• [LeetCode] Maximum Subarray


    Find the contiguous subarray within an array (containing at least one number) which has the largest sum.

    For example, given the array [−2,1,−3,4,−1,2,1,−5,4], the contiguous subarray [4,−1,2,1] has the largest sum = 6.

    More practice:

    If you have figured out the O(n) solution, try coding another solution using the divide and conquer approach, which is more subtle.

    最笨的方法就是把所有i个数之和(1<=i<=n)的结果全算出来,比较最大的数返回。

    但在leetcode里这样做常常Time Limit Exceeded!!穷举的方法如下:(结果是对的)
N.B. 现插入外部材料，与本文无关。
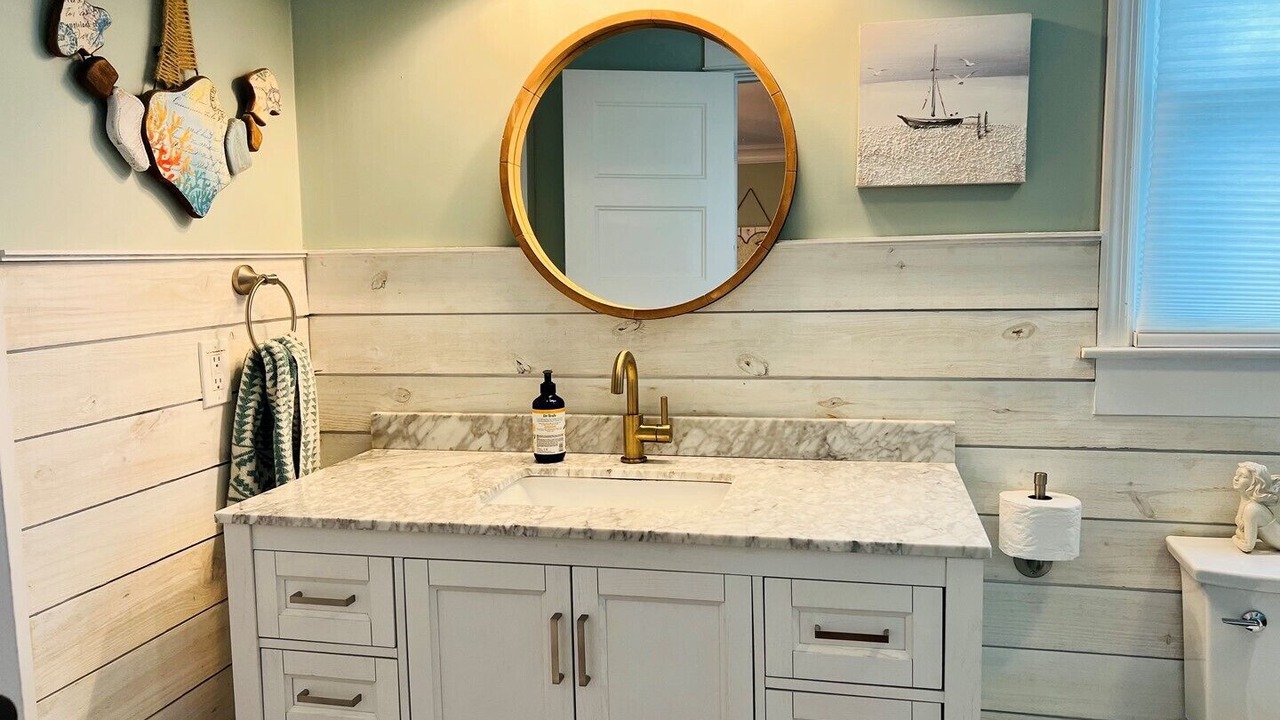 Photo of Bathroom in Holden Beach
    int maxSubArray(int A[], int n) {
        int max = A[0];
        for(int i=1;i<=n;i++)  // i个数相加
        {
            for(int j=0;j<=n-i;j++)//连续相加的数的起始位置j
            {
                int sum = 0;
                int j0 = j;
                for(int k=1;k<=i;k++)
                        sum += A[j0++];
                if(max<sum)
                    max = sum;
            }
        }
        return max;   
    }

    所以要思考简便的方法。

    1)Kadane算法(线型时间算法),见http://blog.csdn.net/joylnwang/article/details/6859677

    2)动态规划

    3)分治(这是LeetCode要求的算法)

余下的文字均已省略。